Return exactly the lines of the records below, starting at the line that contains "Women's Retro Bohemian" and ending at the line that contains "3113 Kaufman Ct - Photo 2 of 28", with both of those lines kept.

Saved data entries:
- - - - -

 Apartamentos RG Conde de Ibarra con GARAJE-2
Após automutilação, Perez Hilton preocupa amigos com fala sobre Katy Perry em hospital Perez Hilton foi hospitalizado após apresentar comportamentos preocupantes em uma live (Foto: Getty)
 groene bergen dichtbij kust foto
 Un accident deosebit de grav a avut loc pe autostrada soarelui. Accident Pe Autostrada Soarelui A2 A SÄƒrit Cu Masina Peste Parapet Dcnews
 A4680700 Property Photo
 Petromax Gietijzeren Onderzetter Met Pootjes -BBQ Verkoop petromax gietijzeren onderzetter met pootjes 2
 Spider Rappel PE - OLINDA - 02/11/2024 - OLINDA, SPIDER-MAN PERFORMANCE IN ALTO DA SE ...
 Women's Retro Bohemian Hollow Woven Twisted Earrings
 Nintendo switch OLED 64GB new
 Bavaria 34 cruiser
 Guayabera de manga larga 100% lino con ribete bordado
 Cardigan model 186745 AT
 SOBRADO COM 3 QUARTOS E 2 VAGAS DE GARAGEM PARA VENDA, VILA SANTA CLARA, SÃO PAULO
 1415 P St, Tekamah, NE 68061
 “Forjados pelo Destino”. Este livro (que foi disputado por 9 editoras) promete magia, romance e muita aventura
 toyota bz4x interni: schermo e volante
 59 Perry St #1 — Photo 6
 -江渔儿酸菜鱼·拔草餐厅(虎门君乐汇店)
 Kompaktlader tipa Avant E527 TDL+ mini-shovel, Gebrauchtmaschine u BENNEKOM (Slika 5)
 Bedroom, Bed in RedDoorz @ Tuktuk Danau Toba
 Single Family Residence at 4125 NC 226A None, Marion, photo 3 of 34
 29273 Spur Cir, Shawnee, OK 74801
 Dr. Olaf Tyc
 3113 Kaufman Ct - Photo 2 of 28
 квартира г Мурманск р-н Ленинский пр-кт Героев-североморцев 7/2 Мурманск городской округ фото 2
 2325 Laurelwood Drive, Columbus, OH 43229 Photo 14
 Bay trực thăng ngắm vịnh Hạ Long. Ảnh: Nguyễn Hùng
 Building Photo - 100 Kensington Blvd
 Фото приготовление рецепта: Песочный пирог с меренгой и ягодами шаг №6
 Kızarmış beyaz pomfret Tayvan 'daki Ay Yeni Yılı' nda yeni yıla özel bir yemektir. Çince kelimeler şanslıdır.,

- - - - -

Your solution:
 Women's Retro Bohemian Hollow Woven Twisted Earrings
 Nintendo switch OLED 64GB new
 Bavaria 34 cruiser
 Guayabera de manga larga 100% lino con ribete bordado
 Cardigan model 186745 AT
 SOBRADO COM 3 QUARTOS E 2 VAGAS DE GARAGEM PARA VENDA, VILA SANTA CLARA, SÃO PAULO
 1415 P St, Tekamah, NE 68061
 “Forjados pelo Destino”. Este livro (que foi disputado por 9 editoras) promete magia, romance e muita aventura
 toyota bz4x interni: schermo e volante
 59 Perry St #1 — Photo 6
 -江渔儿酸菜鱼·拔草餐厅(虎门君乐汇店)
 Kompaktlader tipa Avant E527 TDL+ mini-shovel, Gebrauchtmaschine u BENNEKOM (Slika 5)
 Bedroom, Bed in RedDoorz @ Tuktuk Danau Toba
 Single Family Residence at 4125 NC 226A None, Marion, photo 3 of 34
 29273 Spur Cir, Shawnee, OK 74801
 Dr. Olaf Tyc
 3113 Kaufman Ct - Photo 2 of 28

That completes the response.